第30話 ソロン

不思議な路地裏に迷い込んでから一週間後。


ついに論文を完成させたアランは学術院を訪れていた。


事務所の窓口で正本と写しの二部を提出し、恩師にも挨拶していこうと中庭の回廊を歩いているところで、たまたまその後ろ姿を発見した。


「ソロン先生」


アランの呼びかけに、ソロンは足を止めて振り返った。


背はそれほど高くないが、かっちりと頑丈そうな体つきをしていて、太い眉の下では理知的な目が鋭い眼光を放っている。


「アランくんか。ここにいるということは、論文が完成したのか」


「はい。さっき提出してきました」


ソロンは大きくうなずくと、立ち話もなんだということで、そのままソロンの研究室に場所を移すことになった。

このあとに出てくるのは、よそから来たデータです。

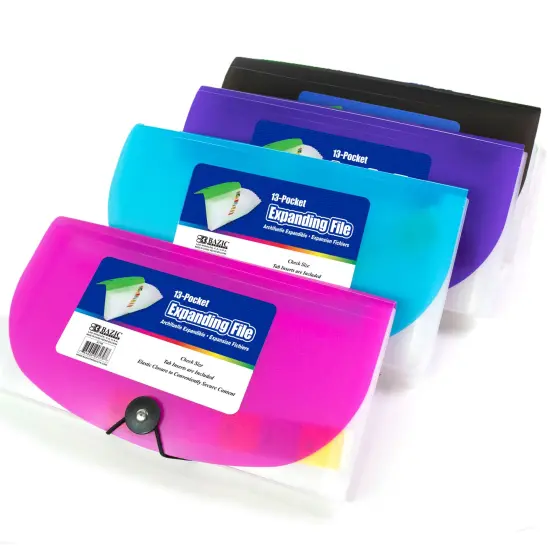 BAZIC Expanding File Check Size Poly 13-Pocket {2}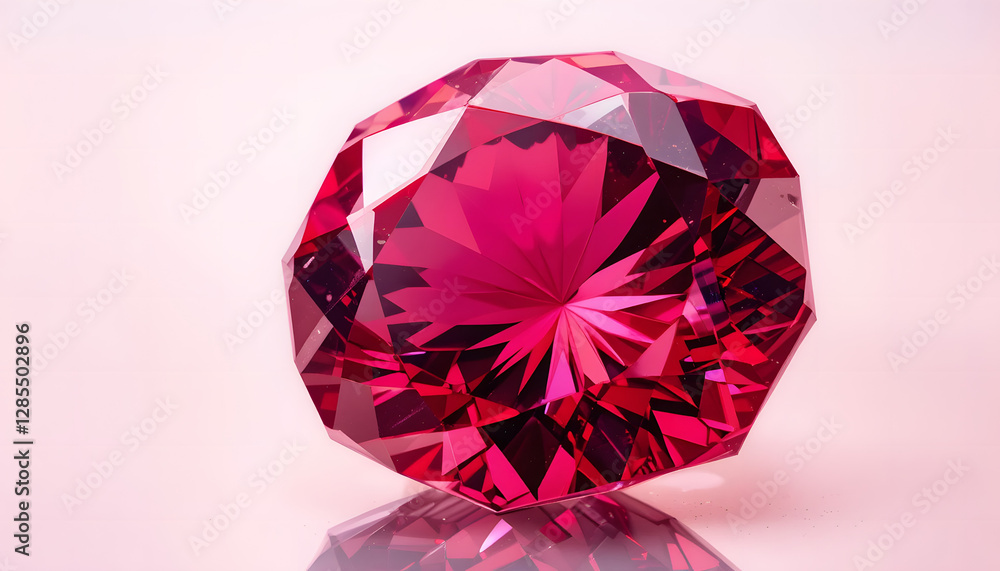Close-up of a sparkling red gemstone with faceted cuts, reflecting light on a soft pink background.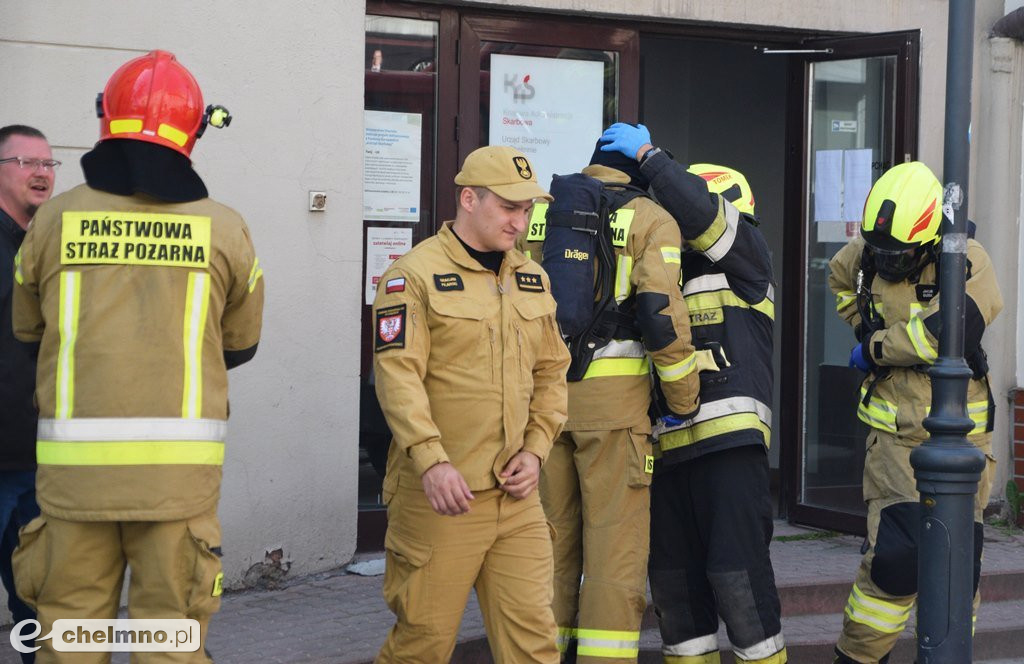 Pożar w Urzędzie Skarbowym w Chełmnie - ewakuacja pracowników
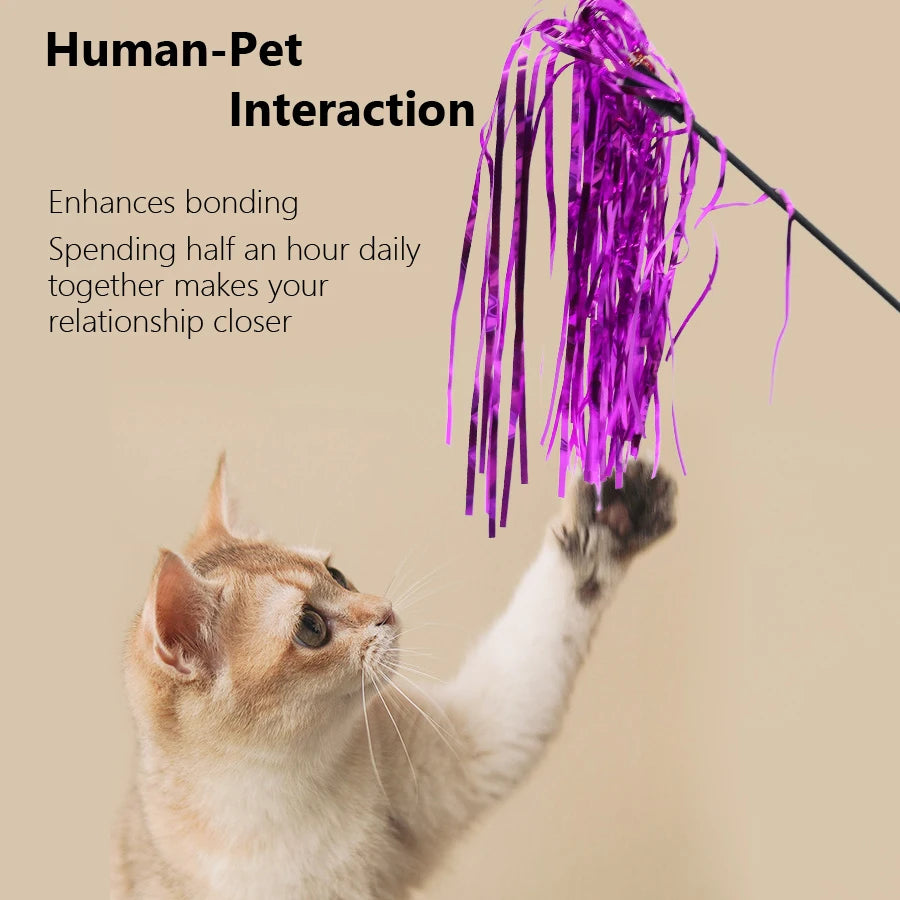 Varinha Interativa com Fita Colorida para Gatos – Kit 5 Peças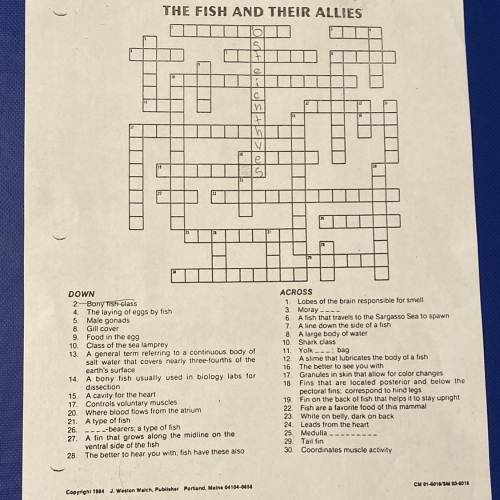 The Fish And Their Allies crossword puzzle help please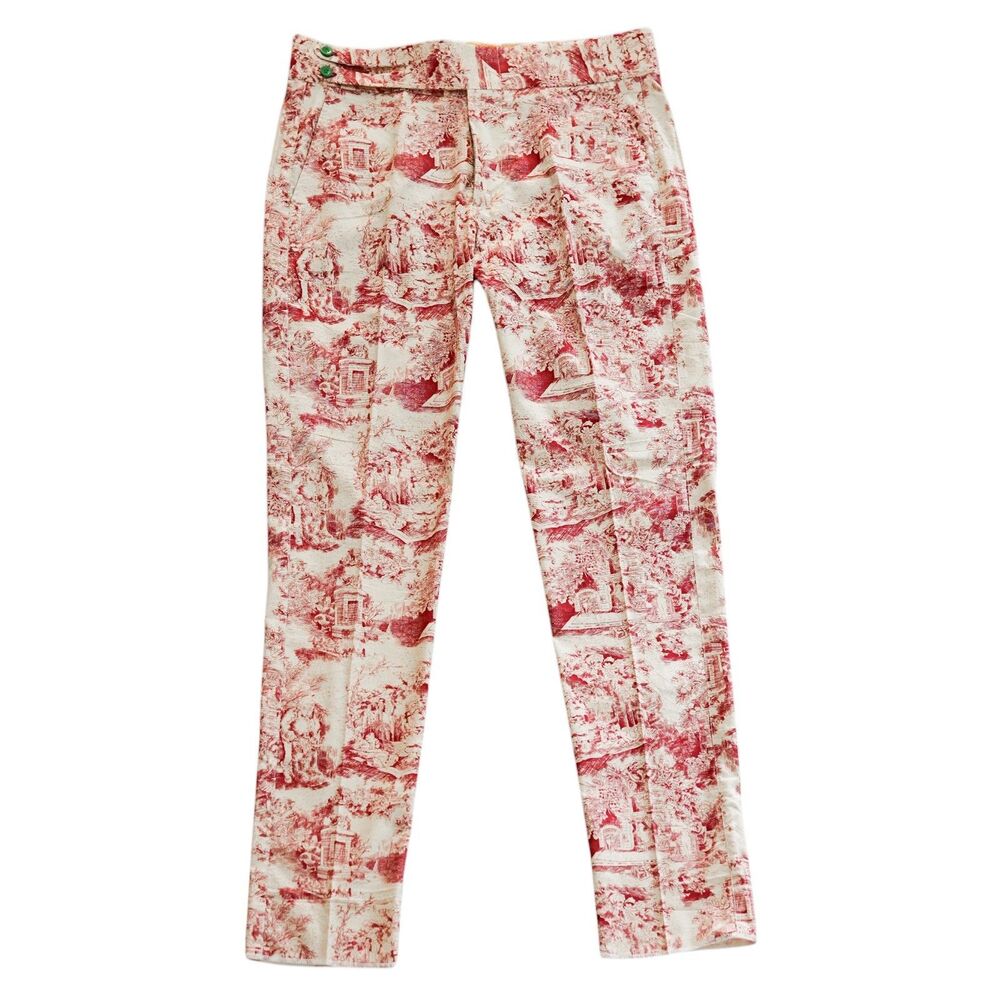 Mens 36 Red Cream Graphic Print Gurkha Pants Cotton Flat Front Slim Fit Trousers - Picture 3 of 6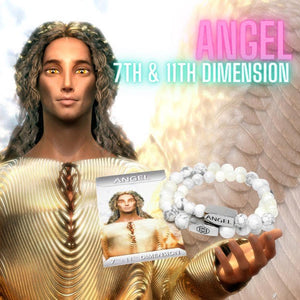 10mm Elizabeth April Channeled Angel Sacred Geometry Limited Edition Cosmic Species Stretch Bracelet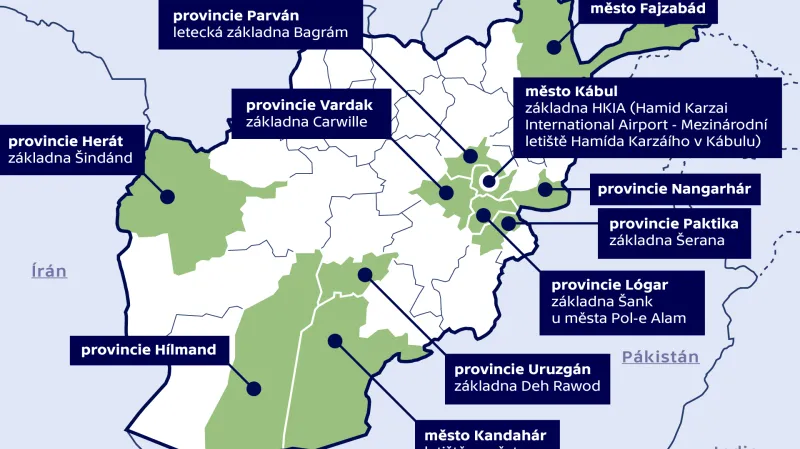 Místa působení českých vojáků v Afghánistánu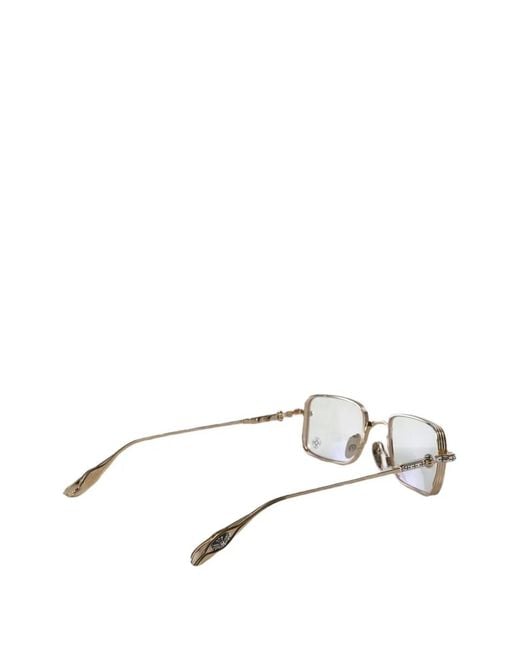 Chrome Hearts White Rectangle-Frame Glasses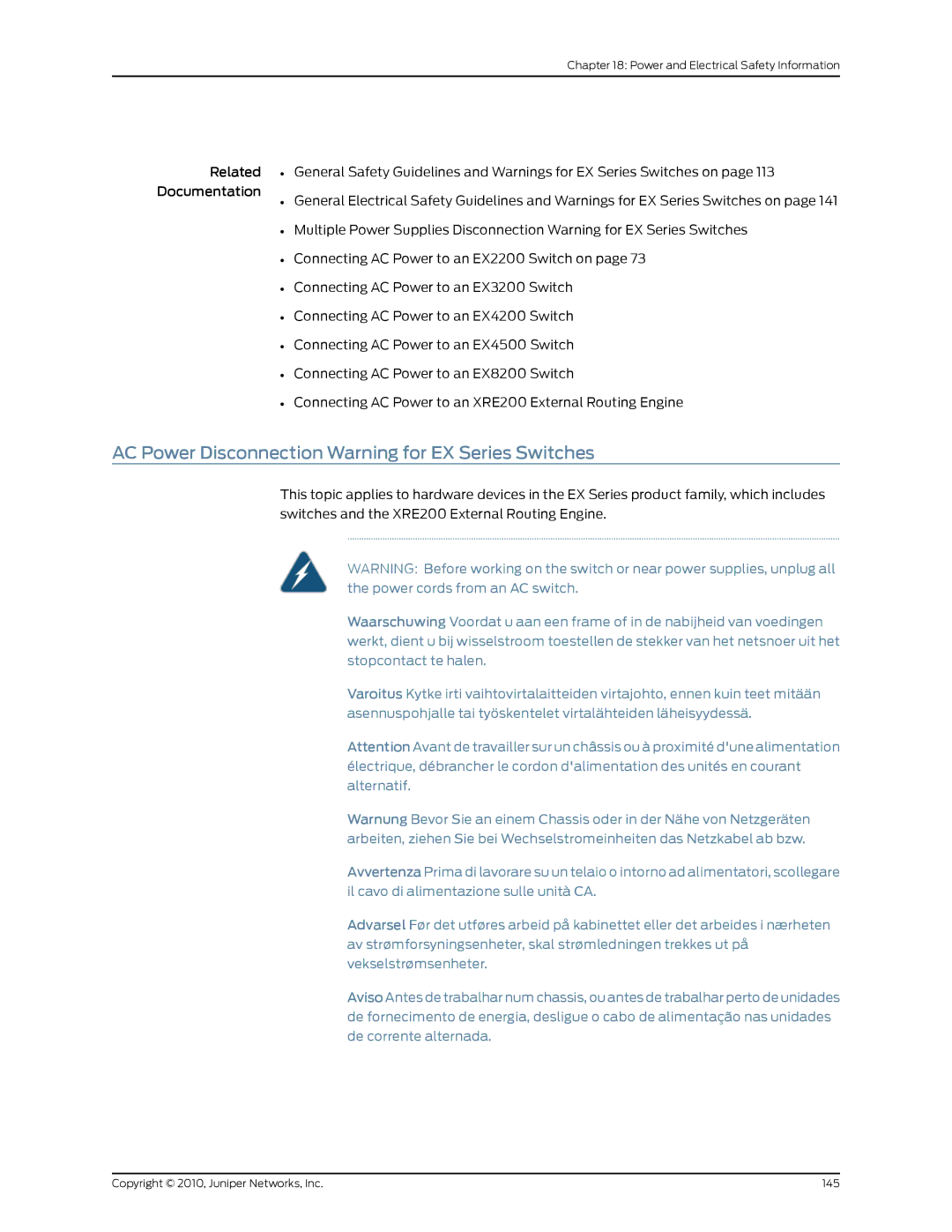 Juniper Networks EX2200 manual AC Power Disconnection Warning for EX Series Switches 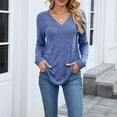 thumbnail image 2 of FAIWAD Womens Tops Casual V Neck Long Sleeve Solid Color Tshirts Fall Winter Lightweight Basic Loose Blouses, 2 of 9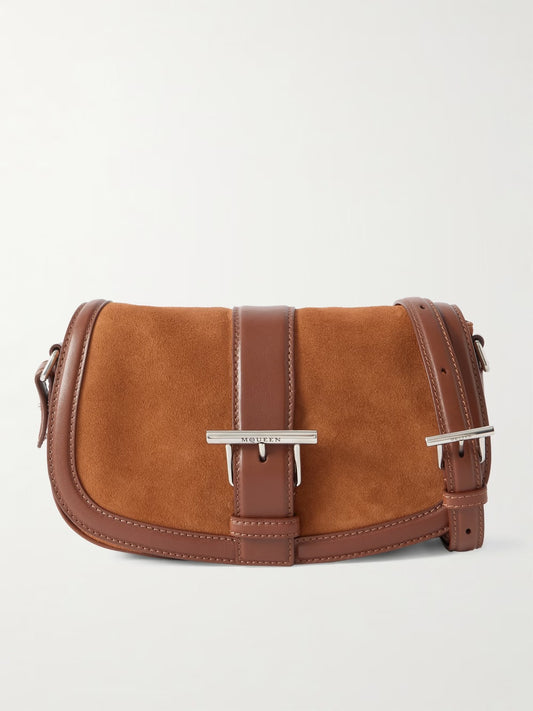 Leather-trimmed suede shoulder bag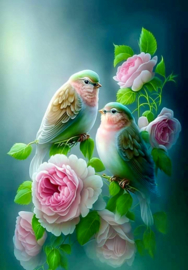 Twee vogeltjes op rozen takjes (40X50cm (full painting)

学士の少年がお茶を用意してくれ、二人はしばらく互いの近況を話し合っていたが、ソロンはふと何か思いついたような表情を浮かべた。


「王宮から学術院に協力要請があってな。書庫整理のために若手を何人か派遣する予定なんだが、もし都合がつけば君も手伝ってくれないだろうか? 論文の審査はしばらく時間がかかるし、君は王宮についても詳しいだろうから、まさにうってつけだと思うんだが」


論文を提出したばかりなので、することといえば散らかりきった書斎の片づけくらいである。


王宮の書庫の収蔵数は十万冊以上にものぼり、貴重な書物や文献が数多く保管されていると聞く。


アランは一も二もなくソロンの話を了承した。